These have been downloaded from email and stored in dualprocess/data/dv_data; or are only in Kiki’s files.
Full spreadsheet index of these, issues and key statistics: data/dv_data/table_of_sheets_sent.xlsx
2018 test. Files in order in which they were received:
2019.02.26 TYVideo Impact Test DV
2019.02.26 TYVideo Impact Test DV2-no outlier
Stats for DV Formula_TYVid(23rd August)
2019.08.27 TYVideo Impact Test DV 2
TYEmailVideo_Results2.xlsx: includes both ‘direct gifts from email’; does not include the 9k gift because it had not happened yet (KK: first thing CRS sent us)

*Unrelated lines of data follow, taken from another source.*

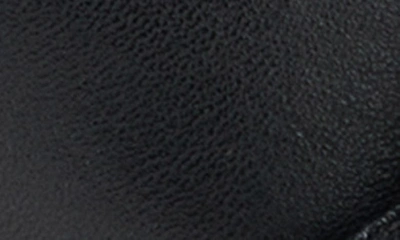 Shop Karl Lagerfeld Paris Quentin Crystal Sandal In Black
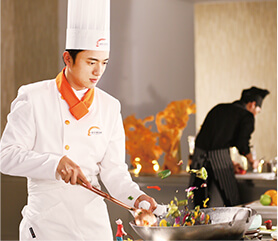 厨师培训速成班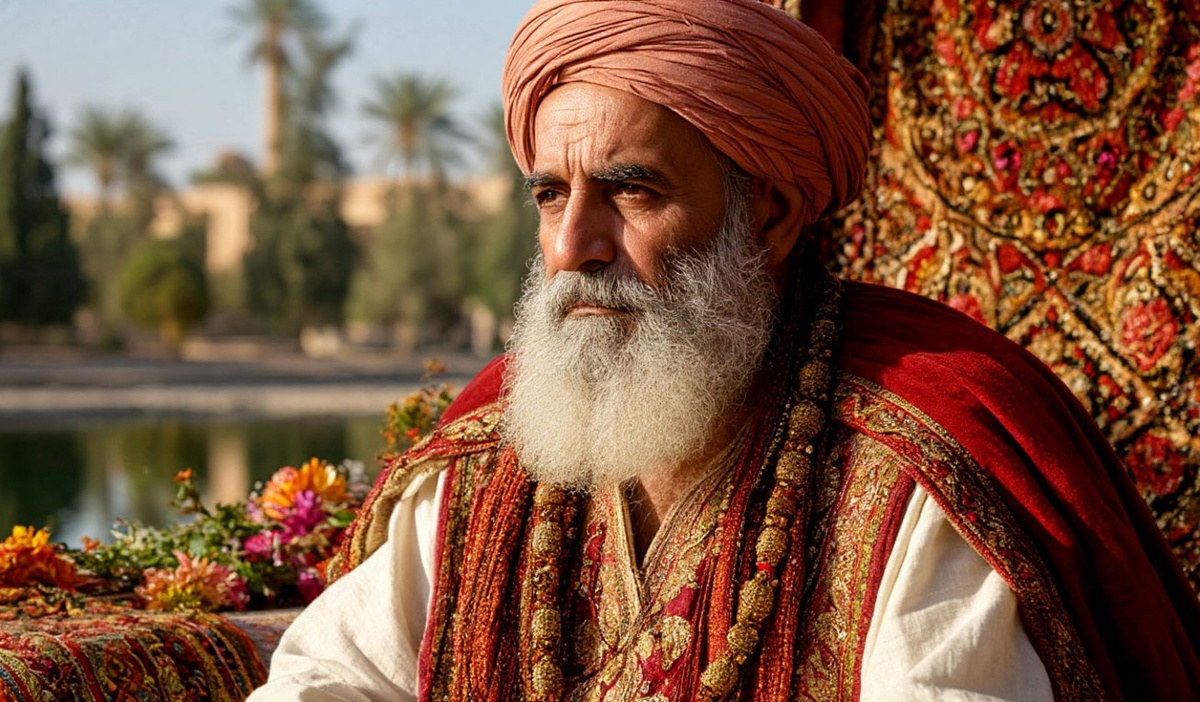    Фото сгенерировано в Шедеврум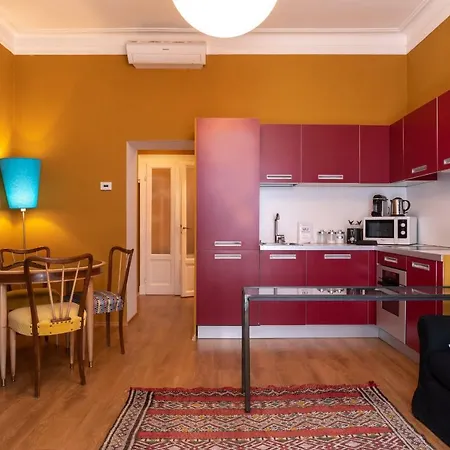 Urban District Nolo Pasteur 1br * Milan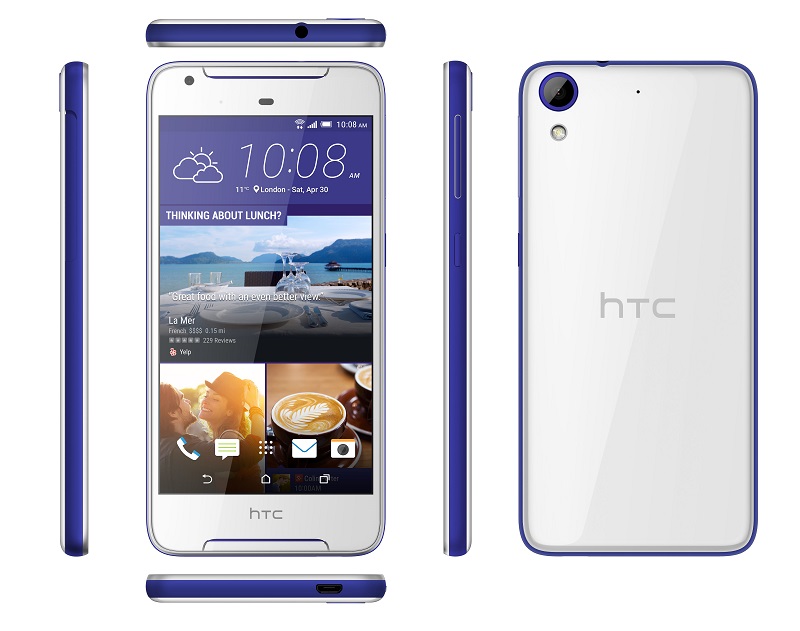 HTC desire 628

Other gifts (not direct) “7 days after the person opened the email, gifts made through any channel” (seems surprisingly high)
Q: check we interpret it correctly… it seems plausible but we want to know.
Q: what date is this up to (when had CRS checked their database)?
Within this Excel file (TYEmailVideo_Results2.xlsx)
The first table is total as of XX date
Second table ‘Direct Gifts from Email’: we think this means people who clicked on email link and donated
Third table is everything, broken down by donation range
Fourth table is everything, broken down by ‘Form Name’ … but we are not sure what it means
2019.02.26 TYVideo Impact Test DV.xlsx: Sent to Kiki, includes the 9k outlier; only included direct gifts
Note: this may be the same file as
TYVideo Impact Test DV 2.xlsx
2019.02.26 TYVideo Impact Test DV2-no outlier.xlsx: Does not include the 9k outlier but otherwise has everything above (and no [in?]direct gifts)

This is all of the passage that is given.